At the time the sale at issue took place, a $2,000 homestead exemption existed (CPLR 5206 [L 1969, ch 961).2 On this record we are unable to understand why Mrs. Green’s home was sold for a mere $475. This troubling matter should be fully explored upon the remand.
Accordingly, the order should be reversed, without costs, and the matter remanded to Special Term for further proceedings consistent herewith.
Hopkins, J. P., Damiani and Rabin, JJ., concur.
Order of the Supreme Court, Nassau County, dated June 13, 1978, reversed, without costs or disbursements, and matter remitted to Special Term for further proceedings consistent with the opinion herein.

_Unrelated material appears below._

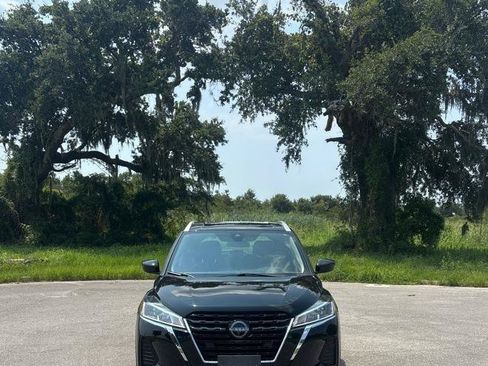 Used 2024 Nissan Kicks SV FWD image 9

. Insofar as a question of laches may enter into the determination to be made, we note that mere delay alone, without actual prejudice, does not constitute laches (Wagner v Huntington Hosp., 65 AD2d 771). We further note that Travitsky never evicted Mrs. Green from the premises, and she continued to meet the mortgage obligations even after Travitsky took title to the premises.
*266At this point, it is also important to stress that purchasers at judicial sales are not subject to the arbitrary whims of judgment debtors who may seek to recover their properties at any time. As noted, the principles of laches may limit a judgment debtor’s efforts to vacate the judgment pursuant to CPLR 5015 (subd [a]). As already discussed, Guardian Loan Co. v Early (47 NY2d 515, supra), prevents the invocation of CPLR 5240 after a judicial sale is completed. In addition, CPLR 2003 contains an express one-year limitation on claims involving an irrregularity in the sale.

. The exemption has subsequently been raised to $10,000 in an effort to minimize the instances where a homeowner suffers the trauma of having his home sold to satisfy a judgment (L 1977, ch 181).